The Ace Hotel & Swim Club, in Palm Springs, represents an exponential leap forward for Ace. In addition to its 180 rooms, the hotel is an expansive, self-contained, five-acre resort, the kind of carefree, slightly enchanted place where you could easily while away several indolent days without ever leaving the property.
“For what you pay, you get a lot,” Calderwood says. “It’s a rich experience.”
Unless you want a suite or a room with a private patio, what you pay is $89. And this time around you have your own bathroom.
The first indication that the Ace Palm Springs is no longer a generic, garden-variety motor inn is at check-in, where guests are greeted with a 100-square-foot diorama installed in the soffit above the front desk. Part Salvador Dalí, part Robert Rauschenberg, the diorama is the handiwork of California artists Alice Lodge and Clare Crespo, who were commissioned by Commune to create the piece, called Bower Birds. “We decided to do a sort of traditional-looking diorama, like you might see at a small nature center somewhere, with taxidermy and plants. But, of course, we let it get a bit surreal,” Alonso says. “The coyote is wearing necklaces, the chipmunks are decorating their den with blue objects they have found in the sand, and a flock of monarch butterflies has mysteriously descended on a lavender cactus. I love the idea that when people are not around, animals might be up to some beautiful and magical stunts.”
For the gimlet-eyed, there are additional clues to alert you to the fact that things have radically changed down at the old Westward Ho/Howard Johnson on East Palm Canyon Drive. In lieu of curtains or solar shades for the oversize plate-glass windows in the lobby, for example, Commune tapped artist Michael Schmidt to create a massive macramé installation. Nearby, adjacent to the front desk, there is an ATM and a period-perfect photo booth where, for $3, you can get four quickie self-portraits.
If art and craft are conspicuous in the public spaces, Commune and Ace also did not scrimp on the aesthetic amenities when it came to the rooms, which they all but gutted.
To help support the “urban camping” conceit, two of the rooms’ four walls are hung, floor to ceiling, with loose canvas, which gives the spaces a soft, rippling, tent-like quality. The other two walls are covered with white slatted-wood panels that come complete with S-hooks and clips for hanging clothes and art. For the windows and for the French doors that lead out to the walled-in patios on many of the ground-floor rooms, there is a layer of mosquito netting to blunt the light and, over that, a second layer of canvas to completely block it out. The bedcovers are also canvas, punched up a bit with silk-screened abstract graphics by Free City.
The bedside tables are the work of sculptor and furniture maker Alma Allen, who created a stumplike wooden cylinder for the telephone on one side and a low rectangular four-legged table on the other for a Revlon-red Music Hall turntable and a black amplifier-receiver, complete with five vintage vinyl records handpicked by Ace.

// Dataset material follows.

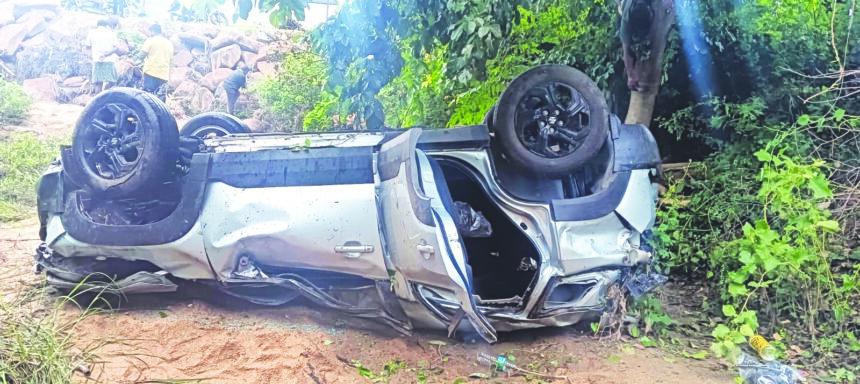 ಭೀಕರ ಅಪಘಾತ ಮೂವರು ದುರ್ಮರಣ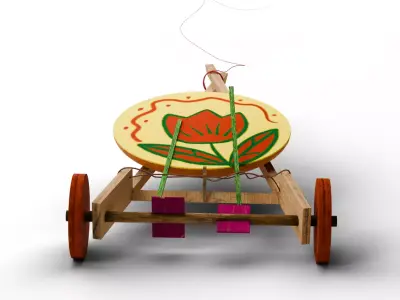 Traditional Tomtom Gari Toy Low-poly 3D model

Rather than buy conventional reading lamps, Commune commissioned Los Angeles artist Robert Lewis to design what he calls “love lights,” stubby, baton-like cylindrical white metal fixtures with a high-watt white reading light on one end and a low-watt red bulb on the other end for…mood. In the spirit of the red-bulb end of the mood-enhancing lamps, each room comes complete with a round tin—marked xxx—containing two condoms.
In addition to doubling the size of the existing swimming pool, which they enveloped with rope-and-metal canopied chaise longues, Commune added a second pool and a new 3,000-square-foot building for special events, which features monumental steel-and-glass doors that retract into the roofline to blur the distinction, in the venerable tradition of southern California, between inside and outside. They also erected a long arbor lined with hammocks for taking in the shade, and built a new retail store and pool kiosk that form the base for a “stargazing deck,” complete with lounge chairs.
According to Calderwood, the Ace spa is less about self-indulgence and being pampered, and more about a “holistic” approach to “health and well-being.” To help communicate the difference, Com- mune erected three round canvas Mongolian yurts, with insulated, batik-lined interior walls, for massages. Adjacent to the yurts, a concrete-block building contains a steam room and sauna, in addition to treatment rooms. The spa building also houses a fully equipped gym, which is open 24 hours a day.
Next to the restaurant, just off the lobby, is a well preserved memento of things past: an in-house watering hole called the Amigo Room. It’s a cavelike black-brick bar with upholstered booths, a cork-tiled floor, and Mexican pesos embedded in the transparent tabletops.
Considering what they went through to get their jobs, it was surely welcome news to the Ace staff that the hotel’s “uniforms” are anything but standard issue. Calderwood contacted Levi’s and made a deal for three models of jeans—employees have their pick—and then he hit American Rag and Jet Rag in Los Angeles, buying up scores of vintage cowboy shirts to complete the Ace look.